» **TASK TO CARRY OUT**
Retype each entry below, keeping every character the same.

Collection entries

================================

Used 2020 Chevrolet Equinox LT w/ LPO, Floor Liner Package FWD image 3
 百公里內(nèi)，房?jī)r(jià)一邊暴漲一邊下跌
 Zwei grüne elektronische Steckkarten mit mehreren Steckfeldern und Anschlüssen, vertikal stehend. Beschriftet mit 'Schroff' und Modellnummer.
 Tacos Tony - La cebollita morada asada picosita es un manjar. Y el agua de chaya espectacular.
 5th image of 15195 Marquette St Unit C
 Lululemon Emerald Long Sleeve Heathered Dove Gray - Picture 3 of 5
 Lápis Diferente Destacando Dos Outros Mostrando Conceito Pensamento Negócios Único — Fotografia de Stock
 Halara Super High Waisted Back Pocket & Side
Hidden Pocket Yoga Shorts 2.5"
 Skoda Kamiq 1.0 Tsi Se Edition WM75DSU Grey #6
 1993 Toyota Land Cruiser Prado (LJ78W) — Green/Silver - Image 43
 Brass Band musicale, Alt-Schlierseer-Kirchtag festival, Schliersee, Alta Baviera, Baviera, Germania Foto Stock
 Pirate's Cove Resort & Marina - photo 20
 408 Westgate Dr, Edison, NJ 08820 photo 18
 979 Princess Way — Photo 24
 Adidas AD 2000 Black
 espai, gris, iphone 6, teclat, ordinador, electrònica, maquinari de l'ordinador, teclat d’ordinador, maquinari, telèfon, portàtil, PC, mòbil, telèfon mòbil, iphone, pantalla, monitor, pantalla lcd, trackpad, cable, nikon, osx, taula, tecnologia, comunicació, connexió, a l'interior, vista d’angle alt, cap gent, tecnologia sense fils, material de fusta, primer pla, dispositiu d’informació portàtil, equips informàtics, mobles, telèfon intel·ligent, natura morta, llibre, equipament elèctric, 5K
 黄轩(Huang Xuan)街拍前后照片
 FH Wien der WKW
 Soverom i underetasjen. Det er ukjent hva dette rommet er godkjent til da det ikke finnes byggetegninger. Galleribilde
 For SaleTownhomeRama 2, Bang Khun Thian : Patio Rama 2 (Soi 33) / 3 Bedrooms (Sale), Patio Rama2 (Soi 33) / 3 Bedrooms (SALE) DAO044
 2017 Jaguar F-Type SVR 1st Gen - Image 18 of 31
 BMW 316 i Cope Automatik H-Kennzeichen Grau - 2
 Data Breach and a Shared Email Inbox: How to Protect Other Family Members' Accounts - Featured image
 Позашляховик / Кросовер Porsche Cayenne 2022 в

================================

» **EXERCISE RESPONSE**
Used 2020 Chevrolet Equinox LT w/ LPO, Floor Liner Package FWD image 3
 百公里內(nèi)，房?jī)r(jià)一邊暴漲一邊下跌
 Zwei grüne elektronische Steckkarten mit mehreren Steckfeldern und Anschlüssen, vertikal stehend. Beschriftet mit 'Schroff' und Modellnummer.
 Tacos Tony - La cebollita morada asada picosita es un manjar. Y el agua de chaya espectacular.
 5th image of 15195 Marquette St Unit C
 Lululemon Emerald Long Sleeve Heathered Dove Gray - Picture 3 of 5
 Lápis Diferente Destacando Dos Outros Mostrando Conceito Pensamento Negócios Único — Fotografia de Stock
 Halara Super High Waisted Back Pocket & Side
Hidden Pocket Yoga Shorts 2.5"
 Skoda Kamiq 1.0 Tsi Se Edition WM75DSU Grey #6
 1993 Toyota Land Cruiser Prado (LJ78W) — Green/Silver - Image 43
 Brass Band musicale, Alt-Schlierseer-Kirchtag festival, Schliersee, Alta Baviera, Baviera, Germania Foto Stock
 Pirate's Cove Resort & Marina - photo 20
 408 Westgate Dr, Edison, NJ 08820 photo 18
 979 Princess Way — Photo 24
 Adidas AD 2000 Black
 espai, gris, iphone 6, teclat, ordinador, electrònica, maquinari de l'ordinador, teclat d’ordinador, maquinari, telèfon, portàtil, PC, mòbil, telèfon mòbil, iphone, pantalla, monitor, pantalla lcd, trackpad, cable, nikon, osx, taula, tecnologia, comunicació, connexió, a l'interior, vista d’angle alt, cap gent, tecnologia sense fils, material de fusta, primer pla, dispositiu d’informació portàtil, equips informàtics, mobles, telèfon intel·ligent, natura morta, llibre, equipament elèctric, 5K
 黄轩(Huang Xuan)街拍前后照片
 FH Wien der WKW
 Soverom i underetasjen. Det er ukjent hva dette rommet er godkjent til da det ikke finnes byggetegninger. Galleribilde
 For SaleTownhomeRama 2, Bang Khun Thian : Patio Rama 2 (Soi 33) / 3 Bedrooms (Sale), Patio Rama2 (Soi 33) / 3 Bedrooms (SALE) DAO044
 2017 Jaguar F-Type SVR 1st Gen - Image 18 of 31
 BMW 316 i Cope Automatik H-Kennzeichen Grau - 2
 Data Breach and a Shared Email Inbox: How to Protect Other Family Members' Accounts - Featured image
 Позашляховик / Кросовер Porsche Cayenne 2022 в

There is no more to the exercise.